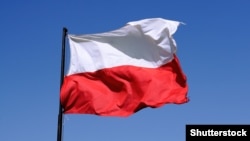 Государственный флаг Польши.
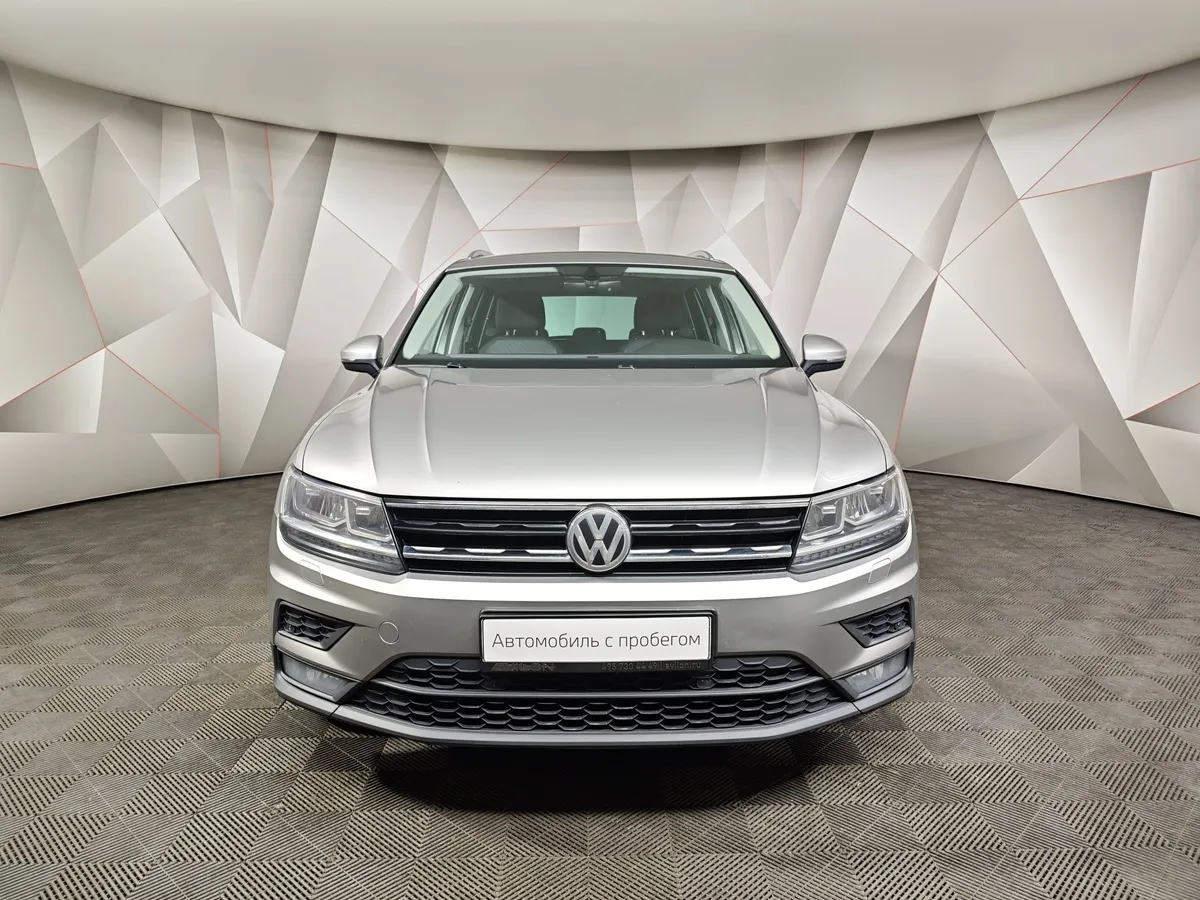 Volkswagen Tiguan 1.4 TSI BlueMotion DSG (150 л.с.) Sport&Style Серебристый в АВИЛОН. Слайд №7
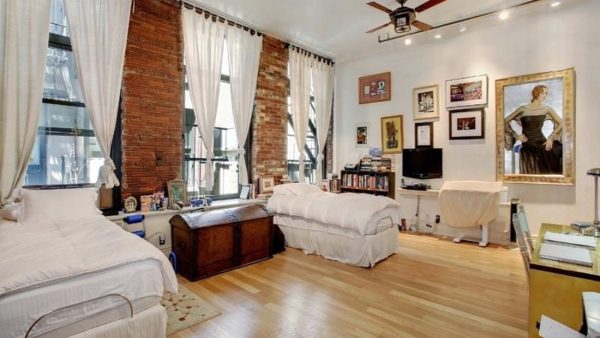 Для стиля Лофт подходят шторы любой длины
+ + + +
__TASK TO COMPLETE__
What you write must match, line for line, the lines from the one with "Volkswagen Tiguan 1.4" through the last line of the data above, minus the pictures.

__PROBLEM SOLUTION__
 Volkswagen Tiguan 1.4 TSI BlueMotion DSG (150 л.с.) Sport&Style Серебристый в АВИЛОН. Слайд №7
 Для стиля Лофт подходят шторы любой длины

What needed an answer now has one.